Now, also interestingly, the arrangement and allocation of chores does not come from the head of the family, my sister’s husband, but from my sister. Under her system of governance the chore or the required labour always either falls to the females or to the children, unless it is washing the cars or fixing something that requires a mechanical skill (although under normal circumstances the husband will always go hire someone to do it).
This is what typically happens at the dinner table: my sister’s husband will want water or a spoon or some salt. He never gets up to go get anything himself. He always finishes eating first and even in those cases where he is done eating and wants something, my sister will get up while she is still eating to go get whatever he has requested or he will send the son instead. It has never made sense to me and every day I shake my head when I see it. But I have learned to respect my sister’s household and shut my big mouth, to respect her family, their values and the system that they have chosen to raise their children under. As long as they respect that I will not be making my sister’s husband tea, or fetching him water or participating in any of the unnecessary labour that falls on us, either because we are women or because we are children. The funny thing is, I don’t think my sister’s husband has ever said he does not want to cook or clean or get his own water.

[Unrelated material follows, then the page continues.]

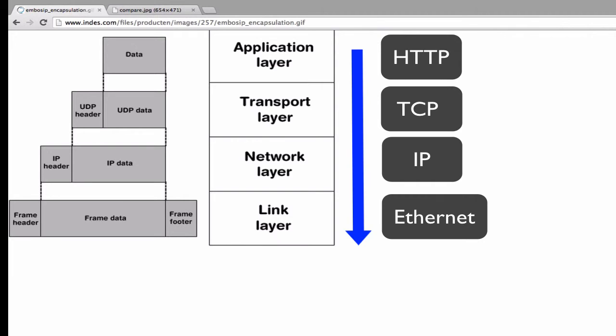Later in this module, we'll use Wireshark to look at these headers and you'll actually notice that these headers have fields specifying what higher level protocol to hand the data over to.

I do not know why I thought things would work differently during this Lockdown period. I have come to accept that my sister and her husband come from a different world to mine, where it is undisputed that the man is the head of the house and his roles are non-negotiable and that this is not going to be easily changed or challenged. Theirs is a world where the man is the head of the house, the woman is the neck or heart (depending on who is speaking) and the children are, well, the children.
A “good wife” is expected to care for, cook for and look after her husband – no one needs to explain that. The husband is expected to provide or build the house, or whatever, just as long as it’s clear from whatever he does that he is the head of the house – sometimes doing nothing fits the job description. The irony of it all is that my sister’s husband is an activist for workers’ rights where he works.
I have asked my friends how their families were working out the chores. One said that his sisters do all the work and that he helps out whenever he feels like it. How nice would it be if I had the liberty to decide when I wanted to cook? I’m happy for my friends who say that in their homes they share chores almost equally, and I’m even happier for those who say there are no men in their current home circumstances – those ones are living my real life. Otherwise, I have resolved that I’m growing a beard at the end of this Lockdown.
PS: I hope I’m not going to be homeless after this!